* Work instruction: With the material below, print exactly the lines between the line holding "marella ferrera abito corto pe 2011" and the line holding "斯卢茨基：目标晋级下一阶段 在尝试平衡双线作战", inclusive. Add nothing else.
(The data Opens)
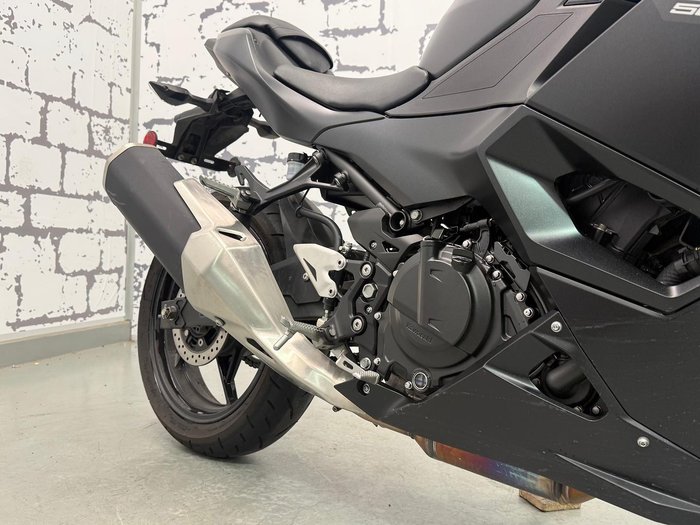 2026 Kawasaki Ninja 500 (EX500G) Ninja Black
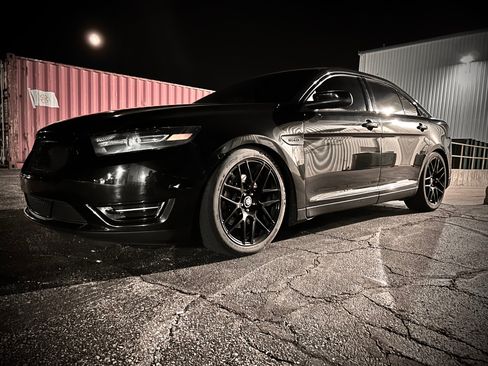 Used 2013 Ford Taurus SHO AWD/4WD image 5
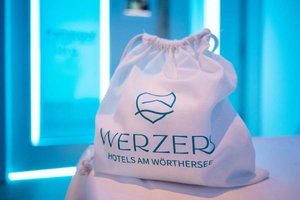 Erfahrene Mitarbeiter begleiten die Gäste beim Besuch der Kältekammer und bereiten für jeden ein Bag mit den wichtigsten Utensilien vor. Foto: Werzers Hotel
(The data Closes)
(The data Opens)
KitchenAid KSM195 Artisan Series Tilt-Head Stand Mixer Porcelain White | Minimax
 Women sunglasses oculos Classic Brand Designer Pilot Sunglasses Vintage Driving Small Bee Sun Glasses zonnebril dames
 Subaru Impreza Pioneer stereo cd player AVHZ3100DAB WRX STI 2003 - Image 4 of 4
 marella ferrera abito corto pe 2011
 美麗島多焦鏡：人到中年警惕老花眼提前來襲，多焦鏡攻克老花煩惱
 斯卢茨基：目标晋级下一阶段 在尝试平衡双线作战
(The data Closes)
* Task response:
 marella ferrera abito corto pe 2011
 美麗島多焦鏡：人到中年警惕老花眼提前來襲，多焦鏡攻克老花煩惱
 斯卢茨基：目标晋级下一阶段 在尝试平衡双线作战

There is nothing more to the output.